It sounds like your motivation is more about learning new things. If that's the case, lots of small, half-baked projects can definitely be educational.

You're also mentioning projects that take significant ramp-up time before they might start to get a life of their own.

So, that being said, I have a couple of book recommendations:

If what you want to do is learn software development in a growing way, I highly recommend Mastering Software Technique: https://software-technique.com/. It's all about using bursts of time to learn new things as fast as you can. For your situation, it sounds close to what you've been practicing, with just a tiny bit more process.

If what you want to do is actually build something on the side for people other than yourself (which is _not_ a requirement for learning useful things), then I recommend https://jessicaabel.com/growing-gills/.

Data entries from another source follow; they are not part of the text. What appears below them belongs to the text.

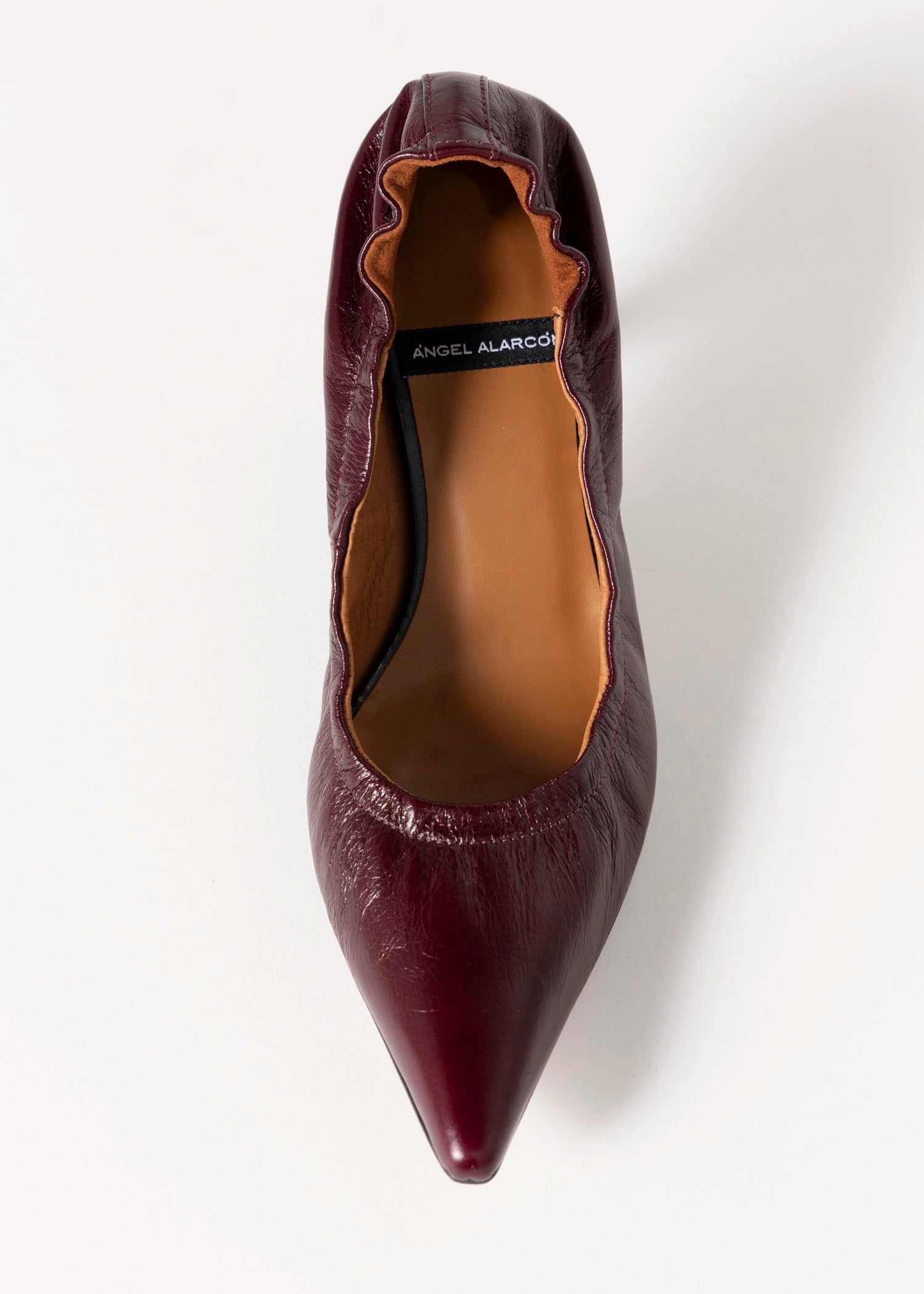 swatch_Wine Leather angel alarcon elastic top line pump
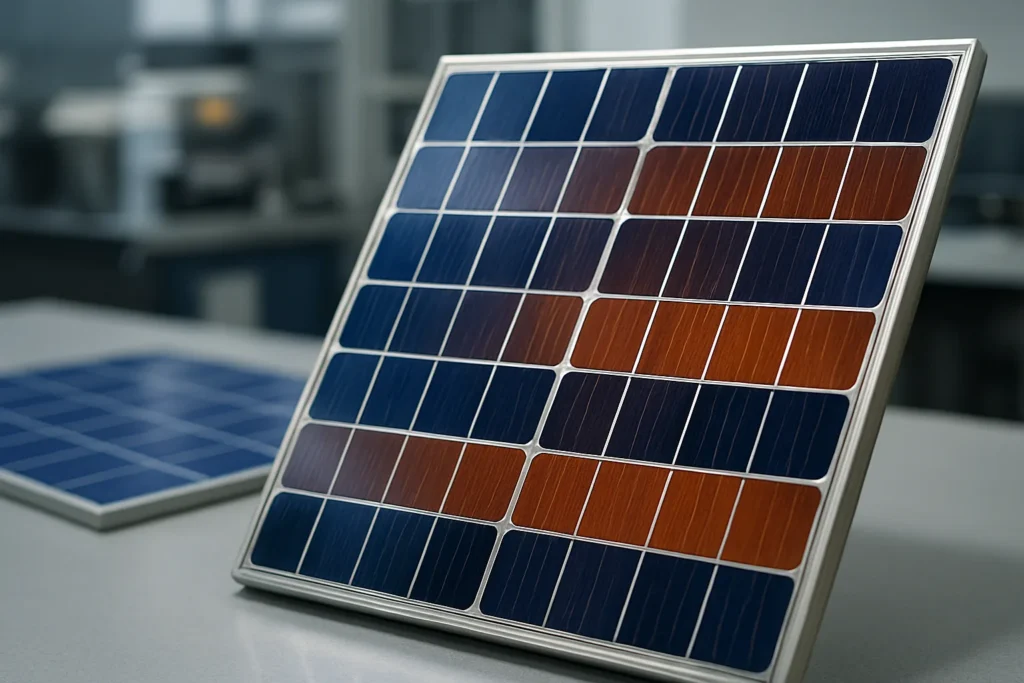 Celle solari tandem perovskite-silicio raggiungono 35,5% di efficienza: nuovo record mondiale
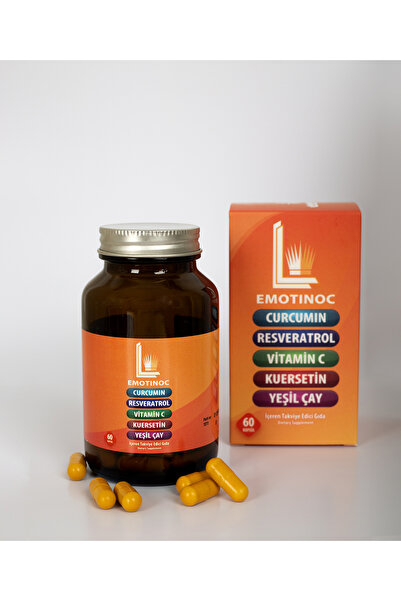 Emotinoc Curcumin, Resveratrol, Quercetin, C Vitamini, Yeşil Çay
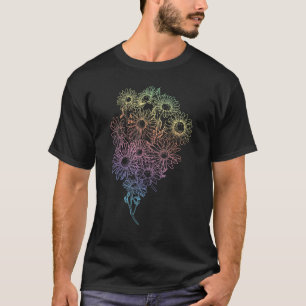 Camiseta Nature Plant Botanical Garden Flor Colorida Dais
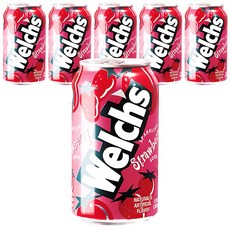 韋爾奇草莓汽水, 355ml, 6入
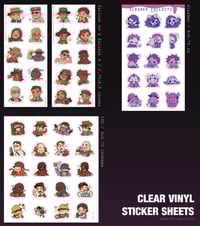 Image 1 of Clear Sticker Sheets / Catalog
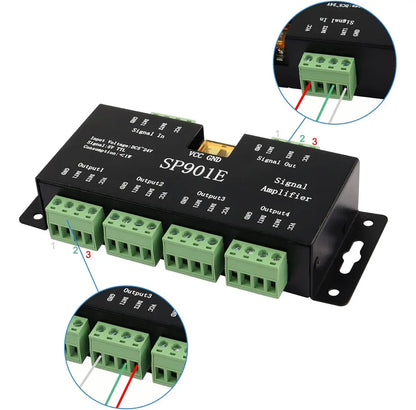Amplificador Led Pixel Sp901e Compatible Rgb Para Luces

For me, I've embraced the non-essential nature of my side projects. I've had quite a few over the years, some large, some small. Being able to put one on the back-burner and come back it later has been very handy. Most of my sideprojects these days are ones I can get to "done" in a day or two, and I have a couple longer-running ones that I pick at off and on. My motivation for a particular project varies, some are meant to scratch a _very_ specific itch:

- https://github.com/yumaikas/dirx was basically done in a late night and a morning - https://idea.junglecoder.com/view/idea/274 I've done 3 times, first in bash, then in Go (in a rather late night, to scratch an itch), and then again in Nim (to learn Nim, and compare it against Go).

Some projects I have are a lot longer running. Both PISC <https://pisc.junglecoder.com> (now on indefinite hiatus) and Tabula Scripta <https://github.com/yumaikas/tabulaScripta> have run a lot longer than my typical project. One quality of both is that they have work at quite a few different levels of detail. Am I tired of parsing work? I can work on prototyping a game in PISC. Do I want to make the performance dramatically better for my artificial Fibonacci benchmark? Great time to break out the Go profiler. Do I want to make it way easier to concatenate strings in a stack-based language? Maybe today I figure out how to write an evalbot. (These are _all_ things I did in PISC at different times).

Tabula Scripta is still early days, I haven't had the time to use it for that sort of experimentation, but it will have a similarly broad set of applications and problems to solve.

And, like other people have said, it definitely helps to do you side projects in a different IDE/Language than your work. And if learning is a big motivator, keeping your projects smaller, or making them the sort of things that's easier to break into smaller parts can be very helpful.